Down from its high attendance of about 450, Muldoon Road now draws about 135 people for Sunday morning worship. About 100 participate in Sunday school. At least 27 people — some in the military — have been baptized since January.
“We’re slowly trying to rebuild a foundation of a sound church,” Thrash said. “We’ve got a brand new Sunday school director, have called a fulltime minister of music, and a husband/wife team leads our very active youth department.
“Recently we baptized a man and three of his sons,” the pastor continued. “They were all in the baptismal waters at the same time. That family is a result of the ministry of the husband/wife team and the youth.”
One challenge for the church is the lack of trained lay leadership, but that is being addressed with a variety of training, discipleship and outreach programs, Thrash said.
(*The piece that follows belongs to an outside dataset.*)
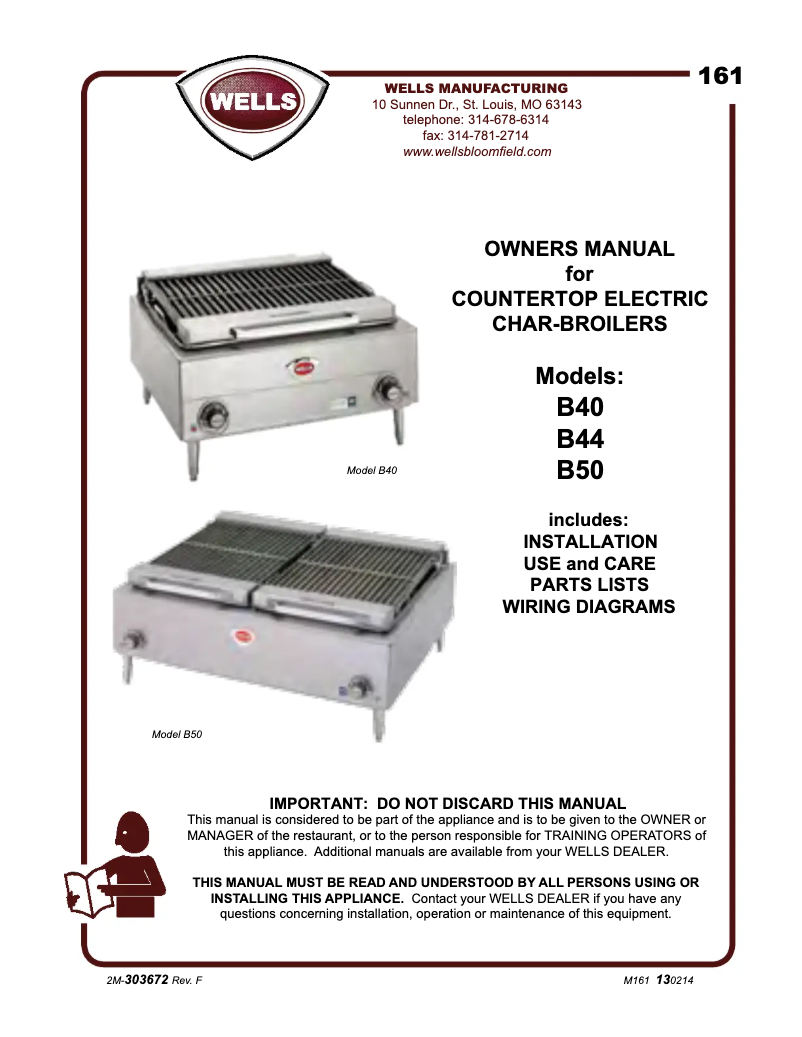 Page 1 de la notice Manuel utilisateur Wells B50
He is planning to attend a conference in Phoenix in November to learn more about Stephen Ministries, a program to train and involve lay people in personal ministry.
A native Alaskan congregation used to meet in the church, but that work faded before it merged with another congregation. There’s also a need for a congregation to minister to deaf people in Anchorage, and those doors are beginning to open for Muldroon Road.
“There are plenty of people here,” Thrash said. “Alaska is probably one of the most unchurched areas of the country. The state has 590,000 people, and almost half of them are in Anchorage. We’ve got great facilities. We just need to get people trained to be able to use them.
“We’re a church with a great past and a struggling present, but the potential is still here,” he said. “We’ve got a great facility and a great location. With God’s help there’s no reason we can’t continue to grow and reach our community.”